Imagine you were born in Tehran. In your first geography class the teacher shows that your country, Iran, is one of the richest in the world with the third greatest petroleum reserve on the planet. Then, he opens a map. On each side are two countries occupied by the United States: Afghanistan and Iraq. Above and below, three nuclear powers: India, Pakistan and Russia.
To the right is China, hungry for natural resources. To the left is Israel, which has enough warheads to wipe-out the entire population of Tehran. The obvious conclusion: Iran is vulnerable. The plausible conclusion: the country might need atomic weapons.
Now put yourself in a history class. The teacher might tell you that Iran is a theocracy because in 1953 a democratic leader, Mohammad Mossaddegh, was overthrown via a coup financed by the CIA. What was his crime? He nationalized petroleum. After this, the White House installed the same Shahs into power that, in 1979, had been overthrown by the Ayatollahs. The teacher would also say that, in the eighties, neighboring Iraq sought to have the atomic bomb as a deterrent against Israel and to build a new nuclear balance in the region. The Iraqi project, supported by Brazil, fell apart in 1981 when Israel bombed the Osirak reactor — giving rise to the idea of preemptive strikes that was later used by the United States in 2003 to invade Iraq in search of nonexistent weapons of mass destruction — when what they wanted was clearly oil.
This is the geopolitical context that preceded President Lula’s trip to Persia — as the Foreign Ministry of Brazil knows well.

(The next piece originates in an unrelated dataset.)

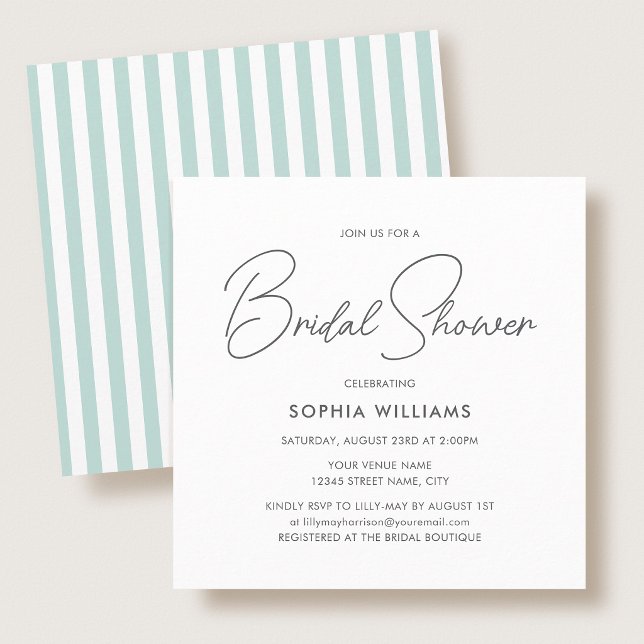 Elegant Bridal Shower Modern Script Teal Stripes Invitation (Creator Uploaded)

Thus, it does not make sense that Brazil is being naive or is being used by the Ayatollahs’ regime as the Americans say. The reality, plain and simple, is the following: Iran wants the bomb and is hiding their real intentions, and Brazil supports this. The question that should be raised is something else: is it right or wrong? It is too early to tell. The nuclear balance, in many cases, has been an instrument of peace. India and Pakistan only refrain from attacking one another because both have the bomb — and, of all the nuclear powers, the only one to exercise that power is the one that detonated the weapon of mass destruction over Hiroshima and Nagasaki.
It is possible that in the future Lula’s gesture in Tehran will be known as ground zero of the new global order, despite the reaction of the United States and other countries that still defend sanctions against Iran. The world has entered into a new era that is multi-polar, post-American, and has many protagonists — like Brazil. And even critics of the external policy followed by the Foreign Ministry (like this writer) are forced to admit — it is due to the courage and daring of Lula, a man that will probably receive the Nobel Peace Prize. The Time Person of the Year tried to sabotage Uncle Sam. A new world may yet be born.